Do un esempio, c’è un importante indicatore che si chiama Baltic Dry Index che indica l’andamento dei trasporti di materie prime con il continente asiatico, è importante perché indica l’utilizzo di prodotti fondamentali per la crescita economica come il ferro o altri materiali.
Questo indicatore ha arrestato nella prima parte dell’anno la sua crescita e in questi ultimi mesi conferma il suo andamento orizzontale, ciò indica un rallentamento dei mercati asiatici quali la Cina e l’India.
Un altro indicatore importante è quello della borsa di Shangai che sta ponendo più di qualche riflessione agli analisti attenti.
Sono dati che gli esperti conoscono e che dovrebbero far suonare qualche campanello d’allarme.

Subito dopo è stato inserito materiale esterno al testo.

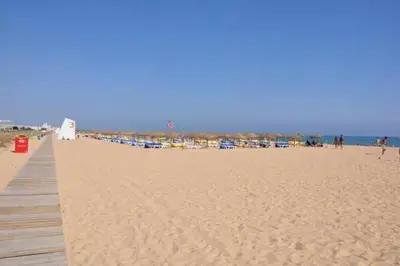 a sandy beach with a pier and a group of buildings at Marina Vilamoura Penthouse Aquamar 606 in Vilamoura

Ecco perché settembre e ottobre per noi sono mesi cruciali, essi dovranno dimostrare che il sistema produttivo si sta riprendendo, ma avere il sistema bancario che stringerà ancor più i cordoni della borsa non creerà le condizioni necessarie per far realmente partire l’economia.
Di esempi del genere ne abbiamo visto sul nostro territorio e ne vedremo ancor di più tra qualche settimana.
Nella nostra provincia sono tantissimi gli sportelli facenti parte di quelle banche monitorate (Unicredit, Intesa S. Paolo, Monte Paschi, Banco Popolare e UBI Banca,) se come è probabile risulteranno attorno al fatidico 6%, ma anche 7,5 non è salute, sarà evidente che non concederanno finanziamenti a breve, medio o lungo termine, proprio per non peggiorare la loro delicata situazione.
Solo i piccoli istituti sono in grado di far fronte a questi impegni, non a caso molti di essi hanno il Core Tier a 15. 16 e in qualche caso al 18%.
Come dire che piccolo è bello….. grande è sovvenzionato.